Está bien eso que dice el refrán de no dejar para mañana lo que se pueda hacer hoy: es, al fin, la única manera de hacer algo. Además, cuando hay deberes de por medio, si se trata de asuntos que por fuerza habrá que afrontar, lo mejor es encararlos cuanto antes, aunque solo sea para tacharle notas a la agenda.
Sin embargo, a veces lo que necesitamos es precisamente rebelarnos contra la agenda: no cumplir, escabullirnos de la productividad, ejercer esa deliciosa libertad de lo inútil. A veces resulta un alivio no servir para nada, o dedicarse a cosas que no sirvan para nada. Y, ¿por qué no?, dejarlo todo para mañana, limpiamente. Con algo de suerte, puede que nos libremos de hacerlo.
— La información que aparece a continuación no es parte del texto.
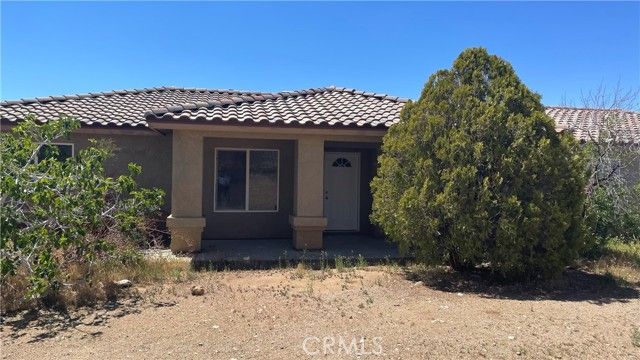 20465 Piedmont Road, Apple Valley, CA 92308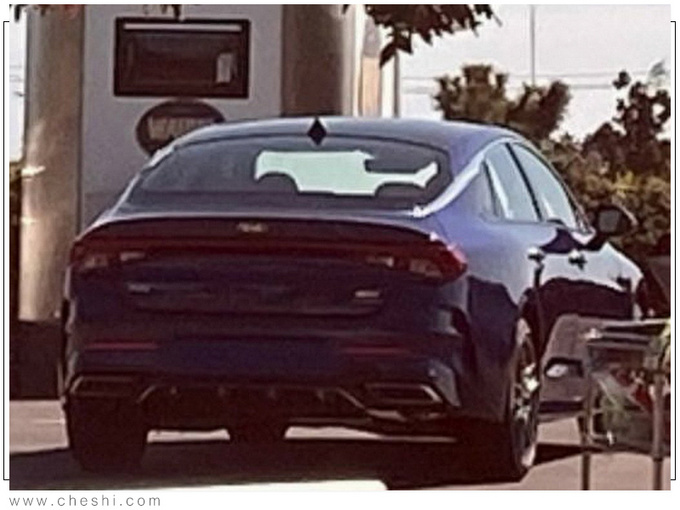 起亚k5新款黑顶,起亚新款k5改色黑武士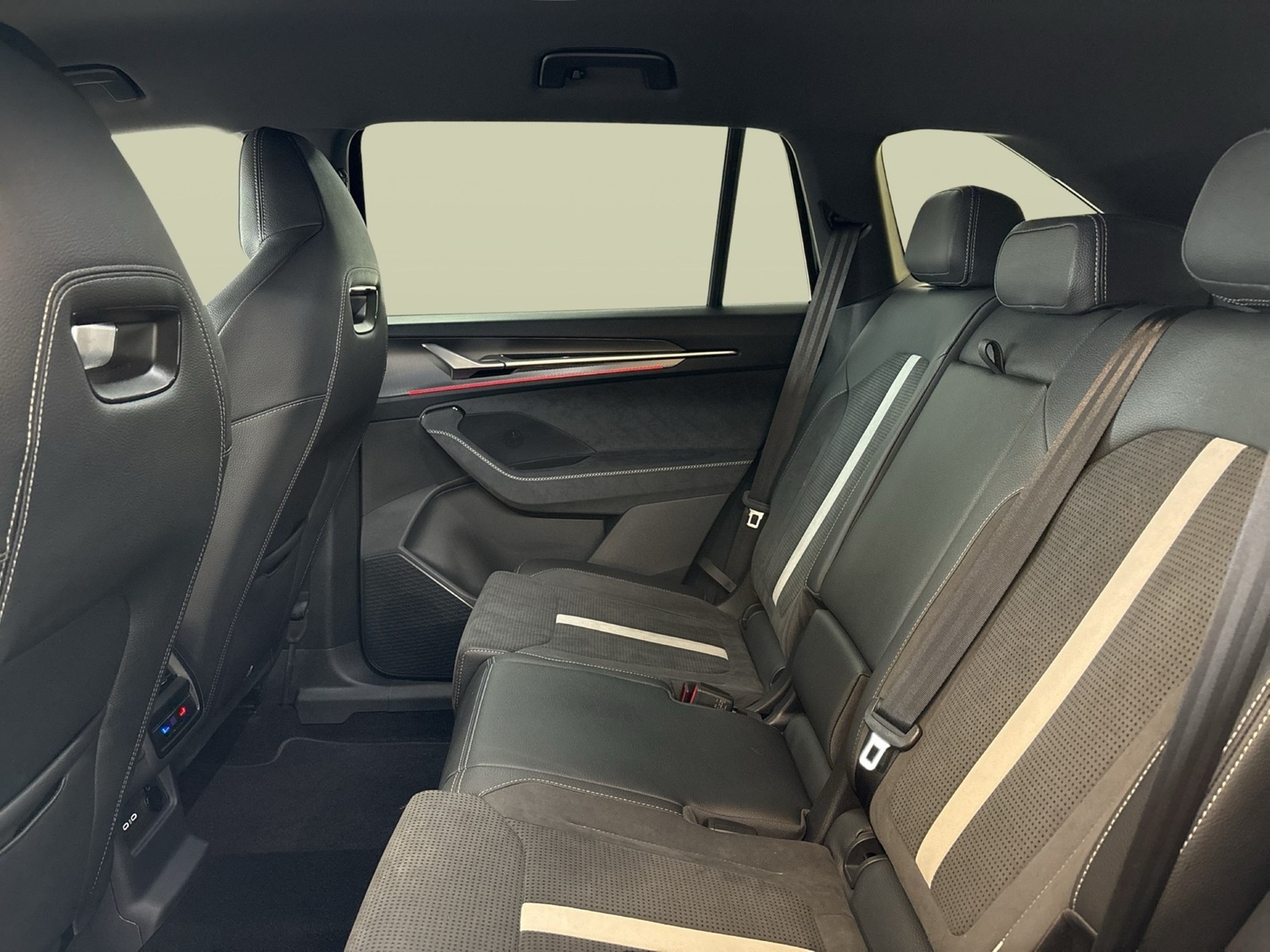 Skoda Kodiaq 2.0 SPORTLINE 4X4 STANDHZ. AHK CAM LM19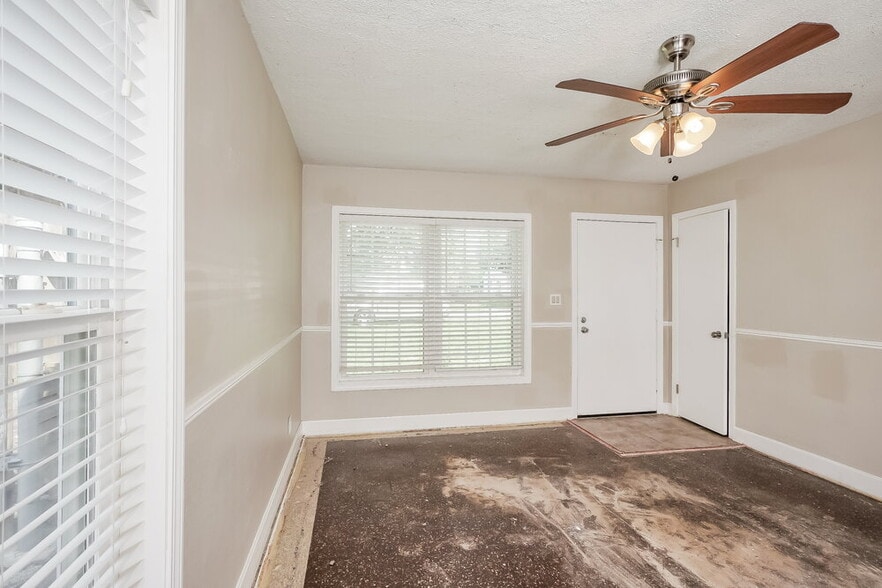 Building Photo - 4724 Granada Dr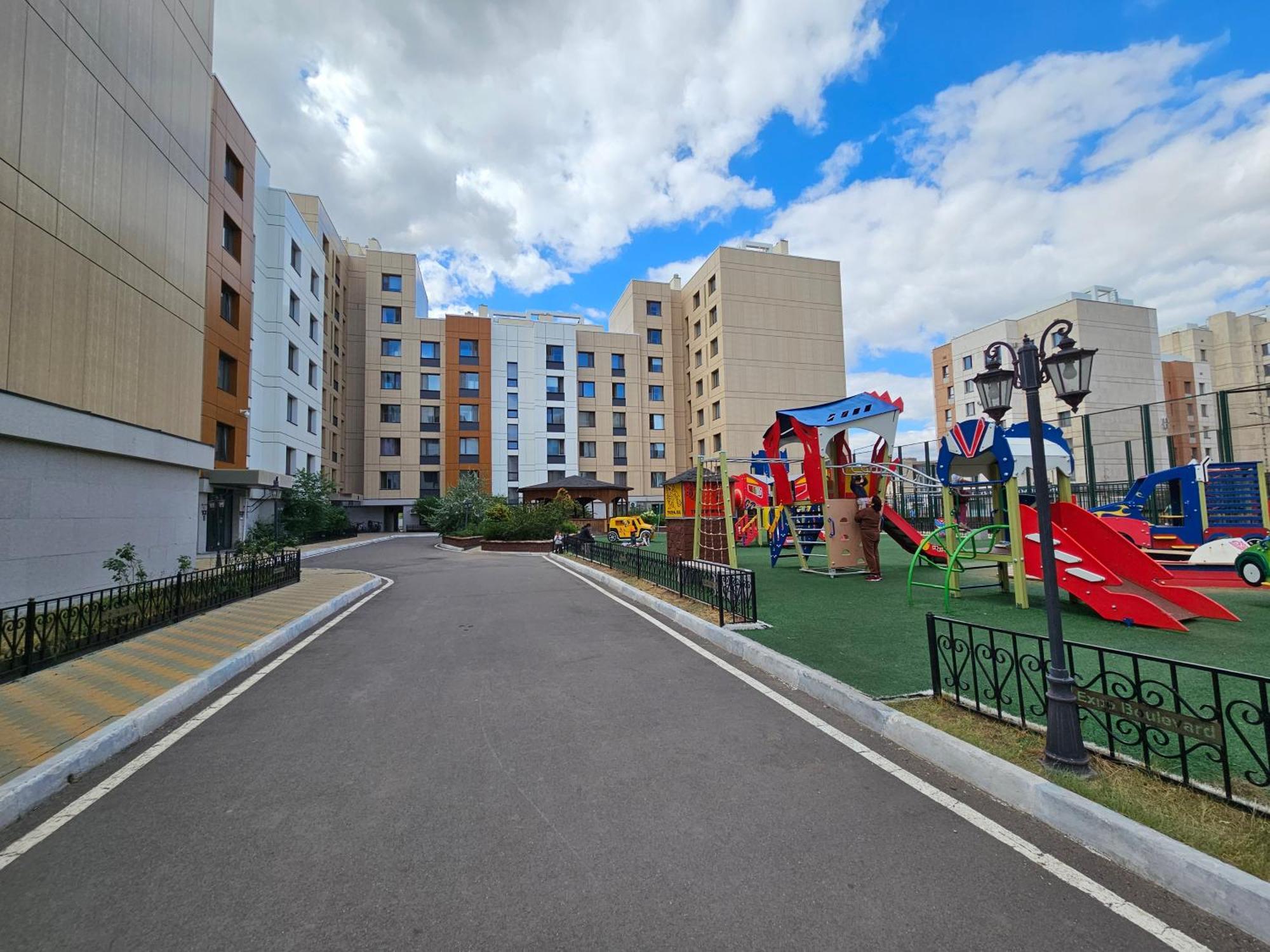 Ernaz Plus Apartments-Expo-Boulevard 130 Astana Bagian luar foto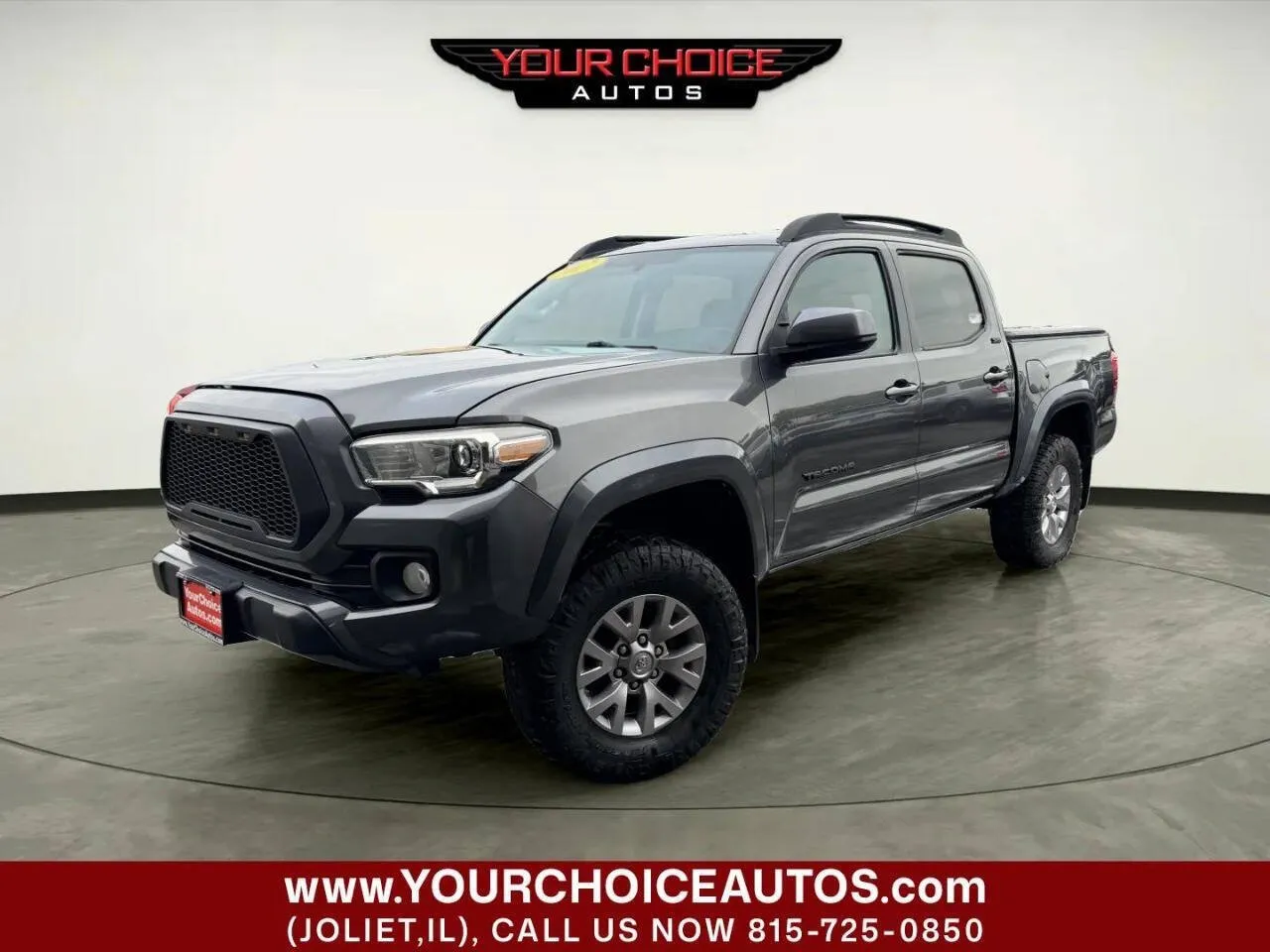 Black 2017 Toyota Tacoma SR5 V6 4x4 4dr Double Cab 5.0 ft SB for sale in Joliet, IL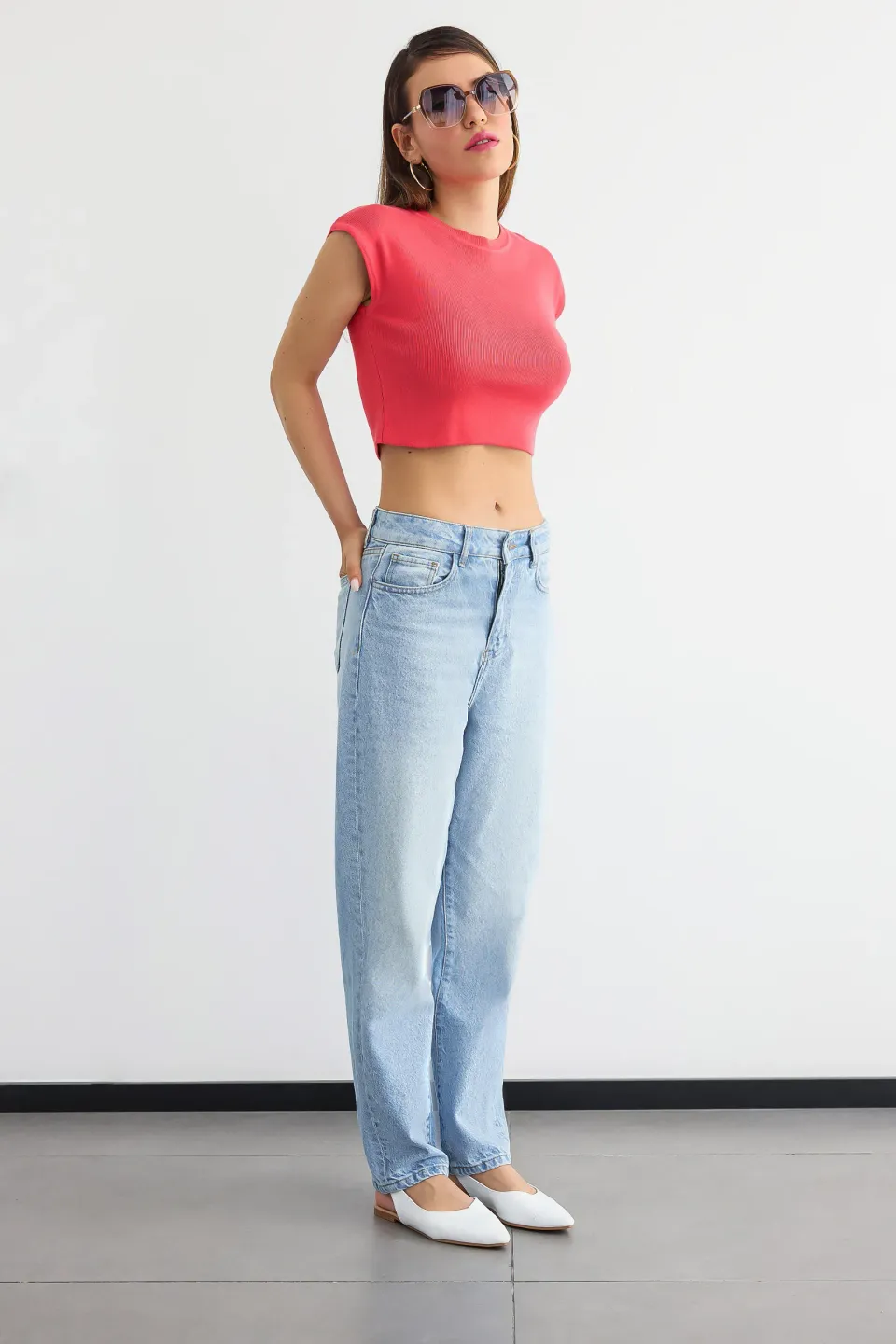 Ribbed Cap Sleeve Cropped Top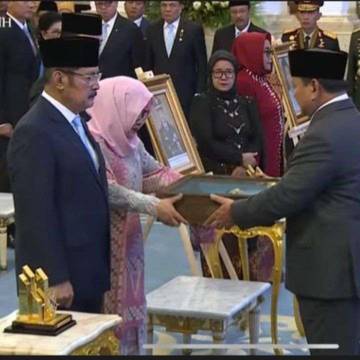 Soeharto Resmi Dianugerahi Gelar Pahlawan Nasional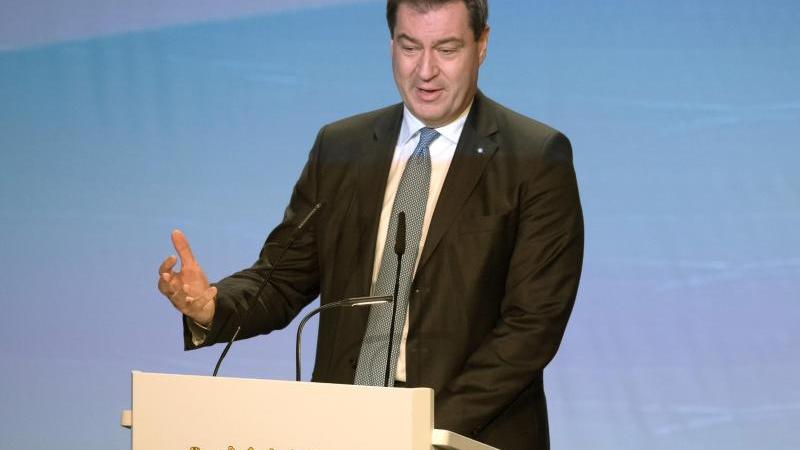 Kritik an Söders Anrede "Eure königliche Hoheit" Festakt 100 Jahre Freistaat Bayern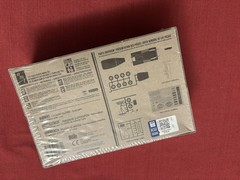 NOS 1:32 ‘32 Ford V-8 coupe Round2 Models AMT 1181/12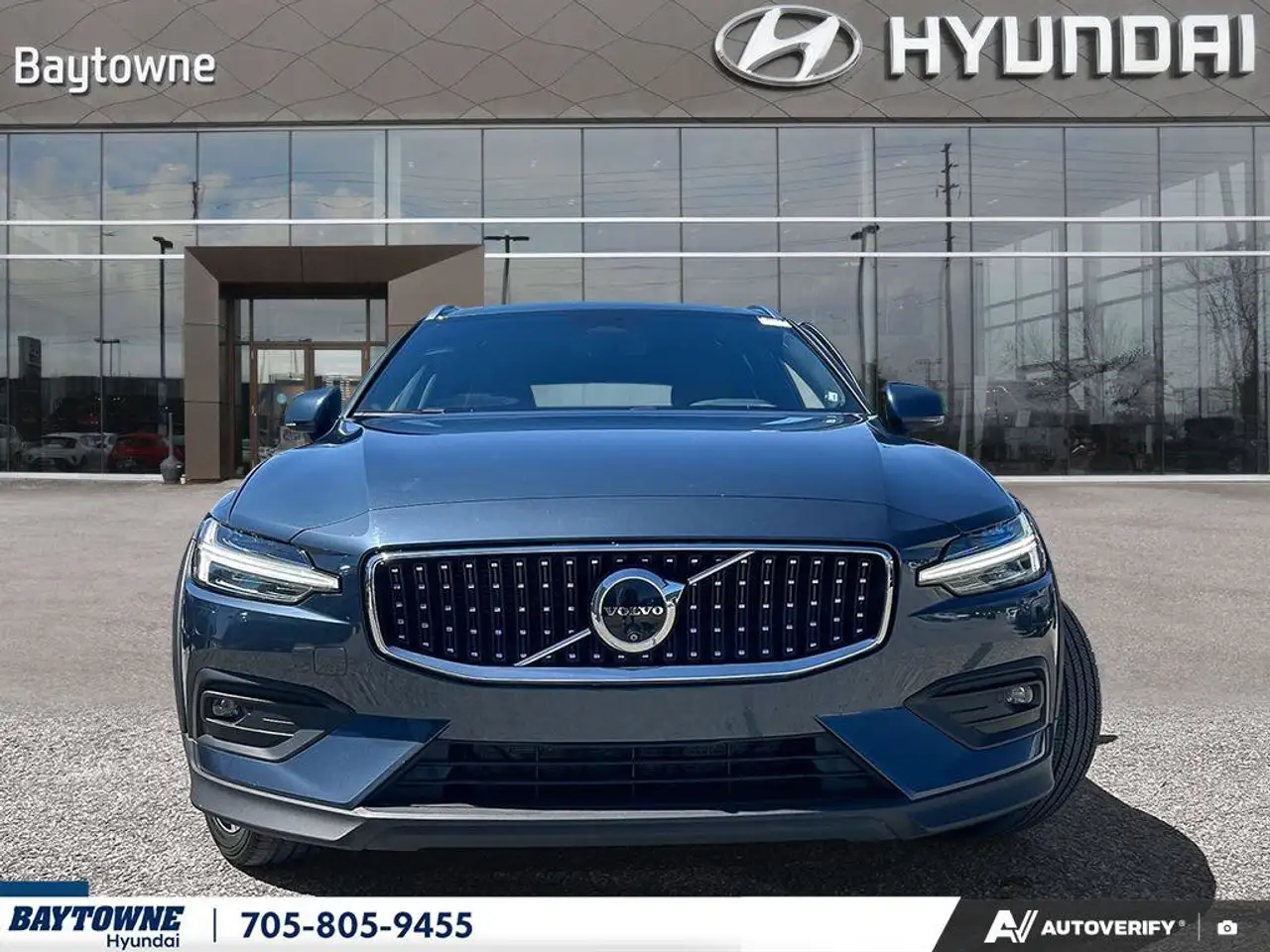 Volvo V60 Cross Country снимка Volvo V60 Cross Country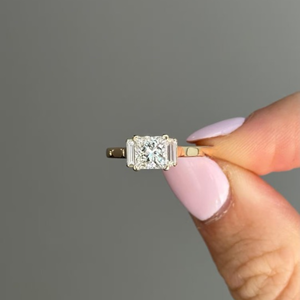 Anillo de Compromiso con Diamante Corte Princesa, Chapado en Oro de 14K, Certificado IGI, Joyería Clásica de Lujo para Mujer - Product Image 1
Al productivismo le preocupa tanto nuestra pereza que ha inventado un horrible término para la afición a aplazar: procrastinar. No digo que si se abusa de ello no se pueda convertir en vicio ―como cualquier otra costumbre―, pero «procrastinador» suena muy feo.
En la actividad también existe el camino medio, y ni siquiera el deber está por encima de la persona. En ocasiones lo propio es rebelarse para no quedar reducidos a robots. La inutilidad y la pereza son también reservas de la poesía, del humor, de la ternura y de la salud. Procrastinemos con alegría, cuando convenga.